Short descriptive text snippets:
++++++++++++++++++++

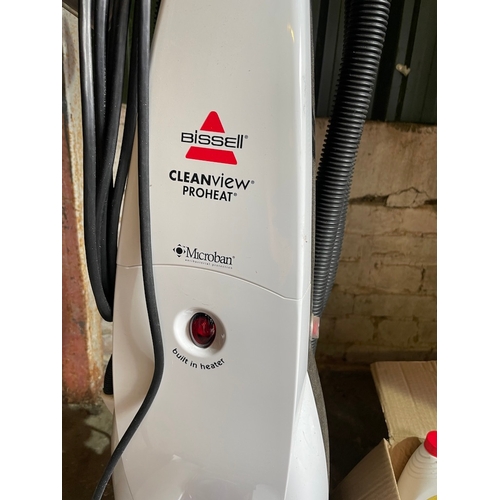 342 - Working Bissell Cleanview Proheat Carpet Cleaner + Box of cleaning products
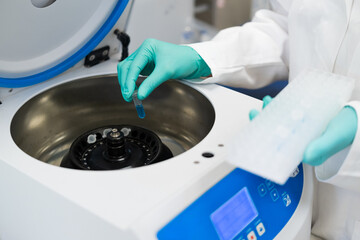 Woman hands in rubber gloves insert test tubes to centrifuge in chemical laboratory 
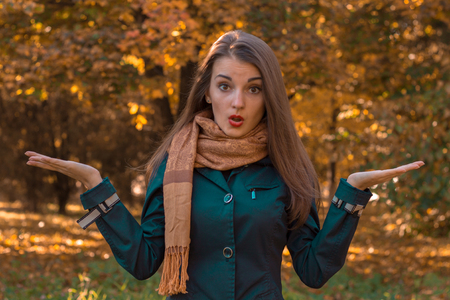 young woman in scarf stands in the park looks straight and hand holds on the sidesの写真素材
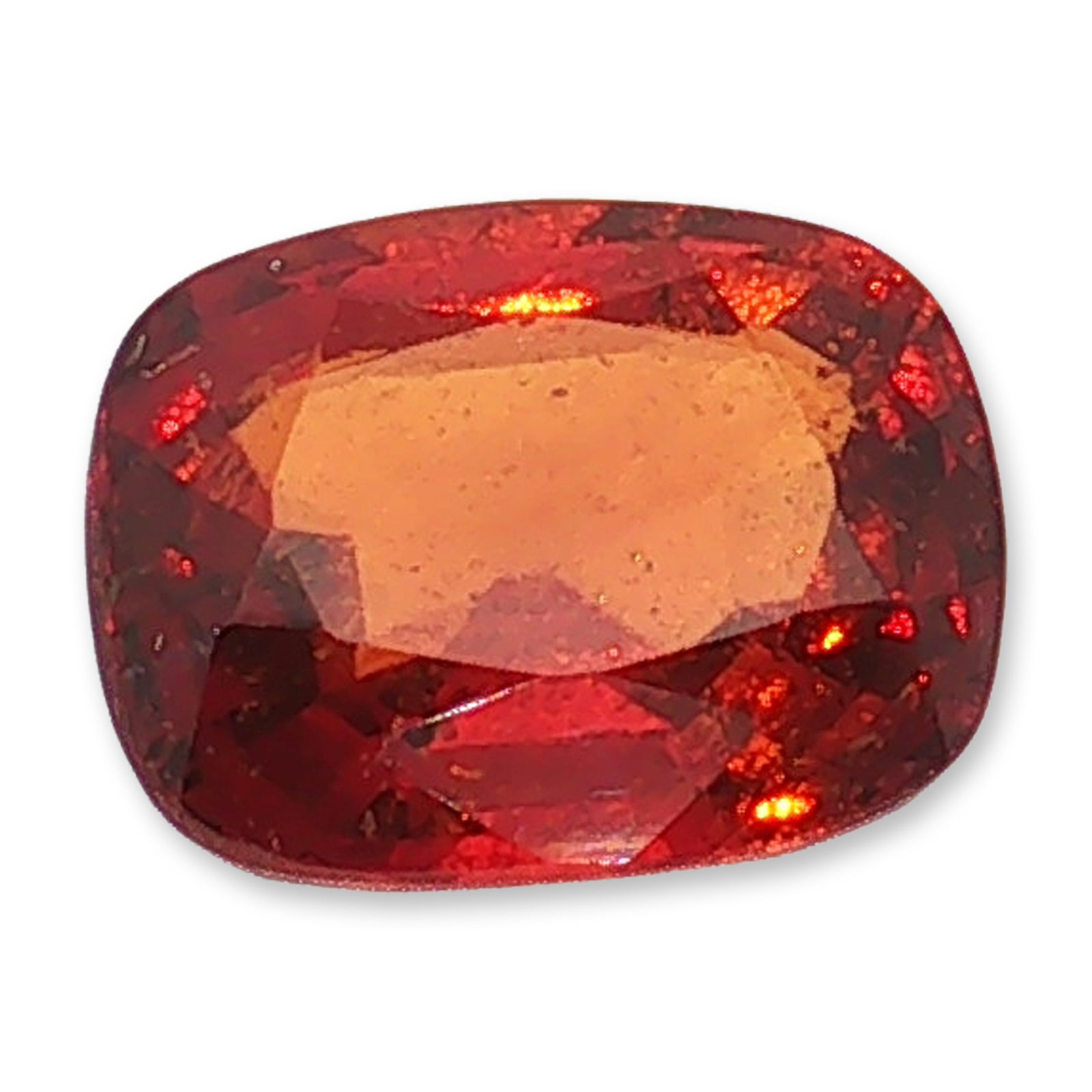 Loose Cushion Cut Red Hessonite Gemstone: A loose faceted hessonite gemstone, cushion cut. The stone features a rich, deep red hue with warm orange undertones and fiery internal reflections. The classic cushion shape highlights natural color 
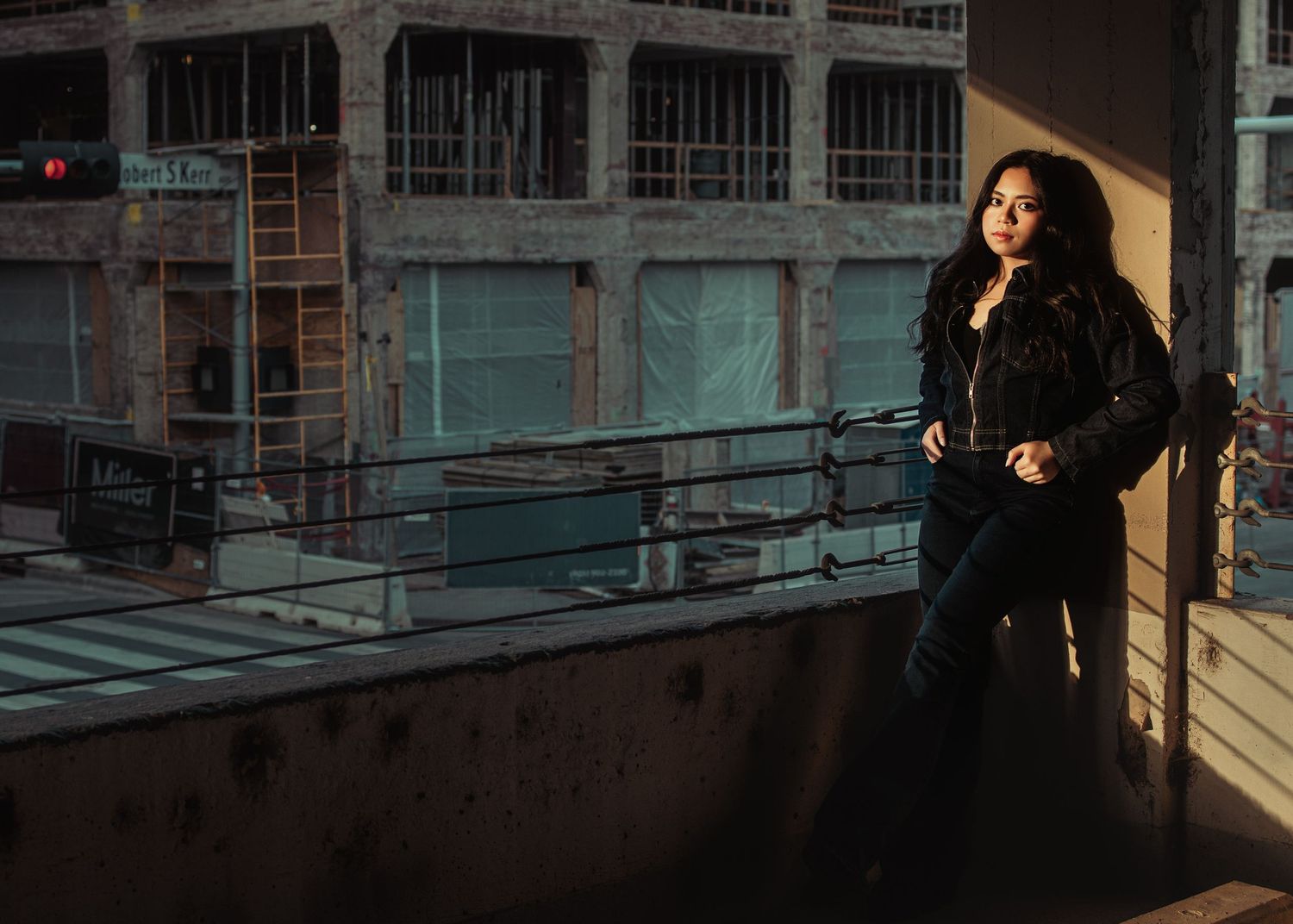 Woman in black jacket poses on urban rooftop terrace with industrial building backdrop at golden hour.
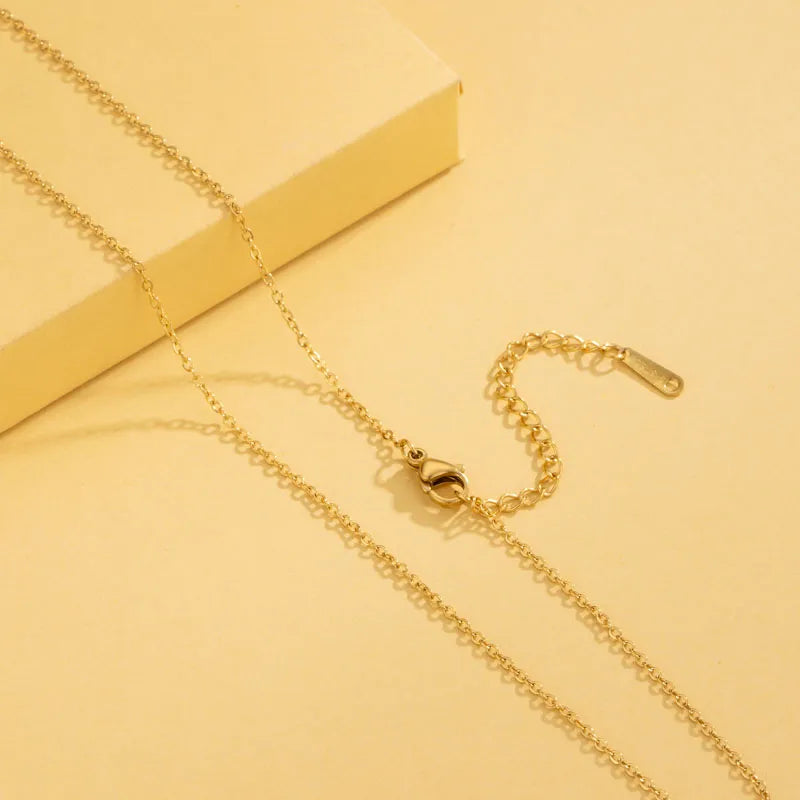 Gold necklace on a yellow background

++++++++++++++++++++

Leave out every picture and copy, exactly as written, the lines from the one with "Loose Cushion Cut" through the end of the records above.

- _REPLY TO THE TASK_
 Loose Cushion Cut Red Hessonite Gemstone: A loose faceted hessonite gemstone, cushion cut. The stone features a rich, deep red hue with warm orange undertones and fiery internal reflections. The classic cushion shape highlights natural color 
 Woman in black jacket poses on urban rooftop terrace with industrial building backdrop at golden hour.
 Gold necklace on a yellow background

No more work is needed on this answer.